"The first fall"

I've started reading John Paul II's Wednesday addresses to his audience given between 1979-1984 known as the Theology of the Body. I like the way he talks about that event in Genesis 3, I have always called "the fall." He calls it "the first fall." 

One of our favorite artists, Sara Groves writes in her song "Generations"
I can taste the fruit of Eve
I'm aware of sickness, death and disease
The results of her choices are vast
Eve was the first but she wasn't the last

And if I were honest with myself
Had I been standing at that tree
My mouth and my hands would be covered with fruit
Things I shouldn't know and things I shouldn't see

In the first three addresses, JP2 starts with Jesus interaction with his "interlocutors":

"Christ did not accept the discussion at the level at which his interlocutors tried to introduce it. In a certain sense he did not approve of the dimension that they tried to give the problem. He avoided getting caught up in juridico-casuistical controversies. On the contrary, he referred twice to "the beginning." Acting in this way, he made a clear reference to the relative words in Genesis, which his interlocutors too knew by heart. From those words of the ancient revelation, Christ drew the conclusion and the talk ended." (Wednesday 5 September 1979).

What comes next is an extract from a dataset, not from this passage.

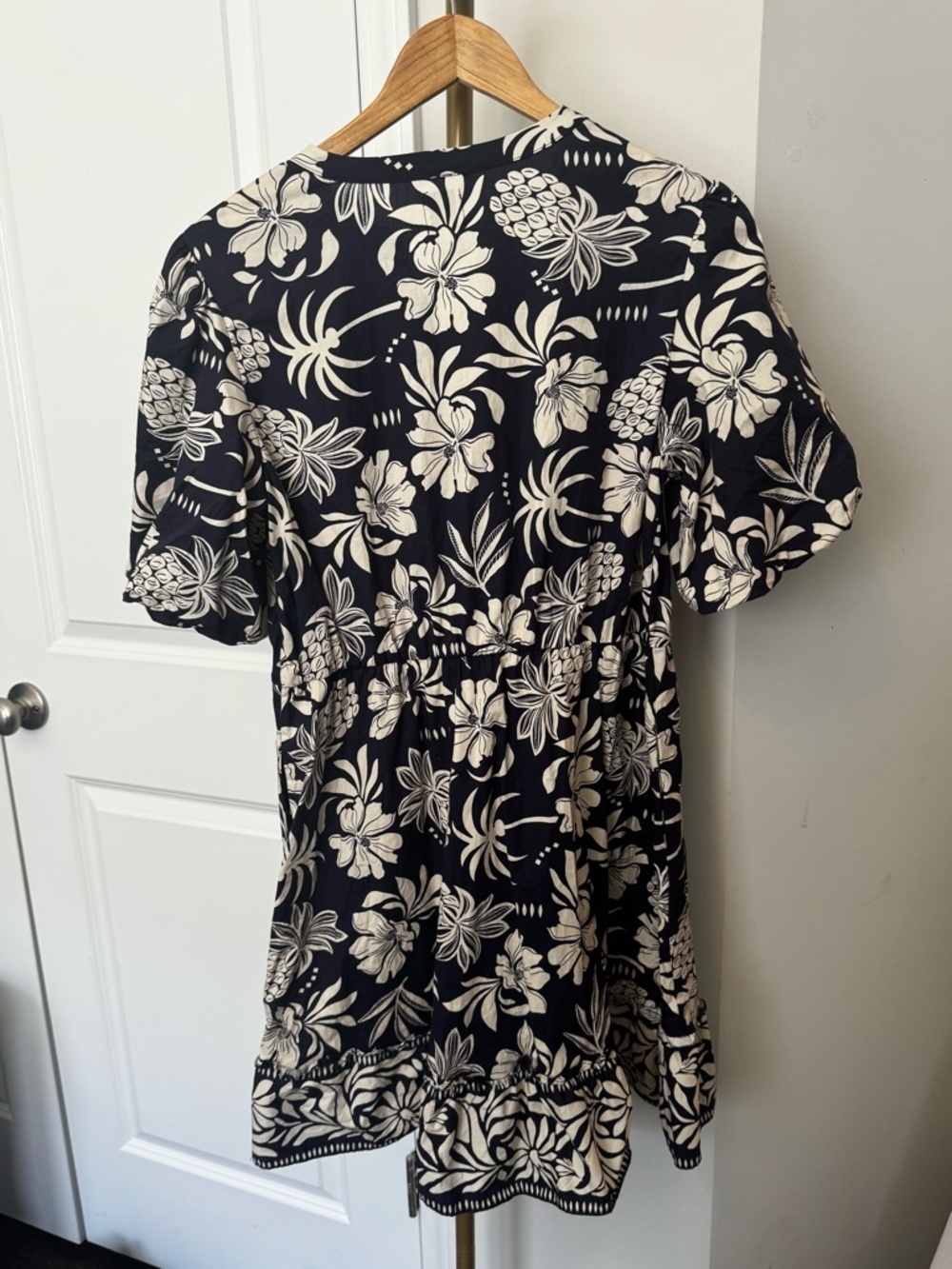 NWOT Joie Navy & Ivory Tropical Pineapple Floral Mini Dress - Picture 4 of 4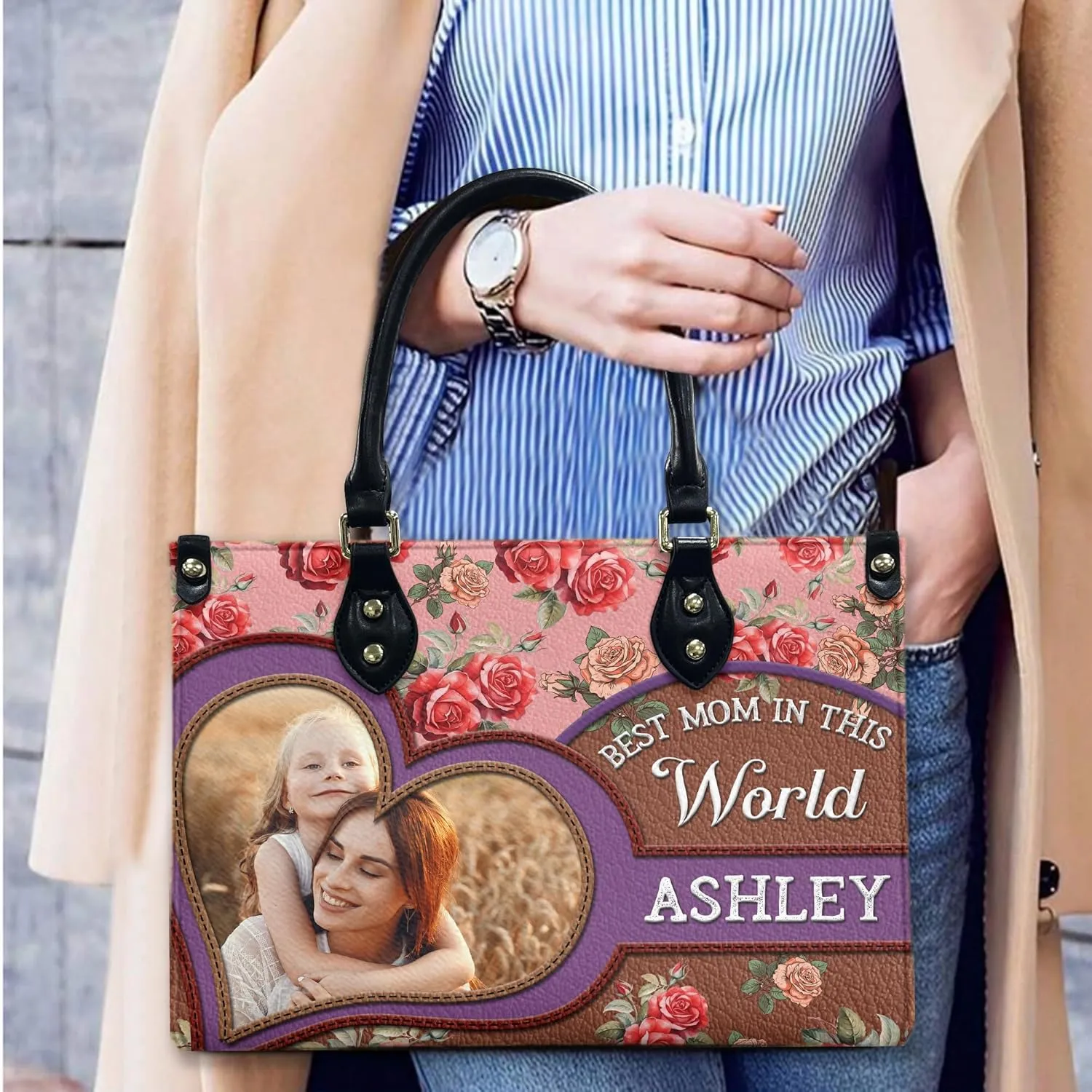 THUYPT Personalized Leather Mom Bag, Leather Handbag with Ziplock for Mom, Gift Idea for Mother's Day, Floral Printed Leather Handbag, Gift for Mom, Grandma, Flowers Bags (02)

Jesus, in Matthew 19, doesn't undo the layers of the rabbinical teaching, twice he returns to "the beginning." In other words, "what did God intend?" Or, "what is God's heart?" What a great "reset" button this is in every area. The first fall was just that-the first one. I have had my own fall, "my mouth and my hands covered with fruit."

Jesus, you are the only one who can cut through the layers of my self-justification and defensiveness, and bring me to "the beginning" - to paradise where I trust you and live from your tree of life, the cross, instead of trusting myself and live out of the tree of the knowledge of good and evil.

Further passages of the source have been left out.